After several days of trekking through the jungle, the group encounters the Yacumo tribe. They arrange the release of their hostage in exchange for being taken to the Yacumo village. Once there, the group is initially greeted with hostility and learns that the filmmakers caused great unrest among the people. The next day, Monroe and his guides head deeper into the rainforest to locate two warring cannibal tribes, the Ya̧nomamö and the Shamatari. They encounter a group of Shamatari warriors and follow them to a riverbank, where they save a smaller group of Ya̧nomamö from death. The Ya̧nomamö invite Monroe and his team back to their village in gratitude, but they are still suspicious of the foreigners. To gain their trust, Monroe agrees to bathe naked in a river, where he is joined by a group of Ya̧nomamö women. Afterwards, the group emerges from the riverbank to take Monroe to a shrine, where he discovers the skeletal remains of the filmmakers. Angered, he confronts the Ya̧nomamö in the village, during which time he plays a tape recorder. The intrigued natives agree to trade it for the filmmakers’ surviving reels of film.
Back in New York, executives of the Pan American Broadcasting System invite Monroe to host a broadcast of the documentary to be made from the recovered film, but Monroe insists on viewing the raw footage before making a decision. The executives first introduce him to Alan’s work by showing an excerpt from his previous documentary, The Last Road to Hell, which depicts executions in Idi Amin’s Uganda and from the Vietnam War. One of the executives tells Monroe that Alan staged such dramatic scenes to get more exciting footage. Monroe then begins to view the recovered footage, which first follows the group’s trek through the jungle. After walking for days, their guide, Felipe, is bitten by a venomous snake. The group amputates Felipe’s leg with a machete to save his life, but he later dies and is abandoned. The group locate the Yacumo in a clearing, where Jack shoots one in the leg so they can easily follow him to the village.
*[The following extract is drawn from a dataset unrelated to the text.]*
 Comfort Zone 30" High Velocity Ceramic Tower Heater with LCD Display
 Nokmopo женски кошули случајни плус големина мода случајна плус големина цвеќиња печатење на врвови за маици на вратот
Once they arrive, the crew proceeds to intimidate the Yacumo, abusing and shooting a villager’s pig next to a child, then firing wildly and herding the rest of the tribe into a hut, burning it down in order to stage a massacre for their film.
Monroe finishes viewing the footage alone and expresses his disgust to the station executives regarding their decision to air the documentary. He criticizes the staged scenes and poor treatment of the natives, but his concerns are ignored. To convince them not to show the film, he shows them the remaining, unedited footage that only he has seen. The final two reels begin with the film crew locating and capturing a Ya̧nomamö girl, whom the men take turns raping and filming, against Faye’s protests. They later encounter the same girl impaled on a wooden pole by a riverbank, where they claim that the natives killed her for loss of virginity (although it is heavily implied that they staged the attack to make it look like the villagers did it). Shortly afterwards, they are attacked by the Ya̧nomamö as revenge for the girl’s rape and death. Jack is hit by a spear; Alan shoots Jack, to prevent his escape, so that the team can film how the natives mutilate his corpse. As the three surviving team members try to escape, Faye is captured, and Alan insists that they attempt to rescue her. Mark continues to film as she is stripped naked, gang-raped, beaten, and beheaded. The Ya̧nomamö then pursue and kill the last two team members as the camera drops to the ground in front of Alan’s bloody face. Disturbed by what they have seen, the executives decide to destroy the footage. As Monroe leaves the station, he ponders to himself who the “real cannibals” are.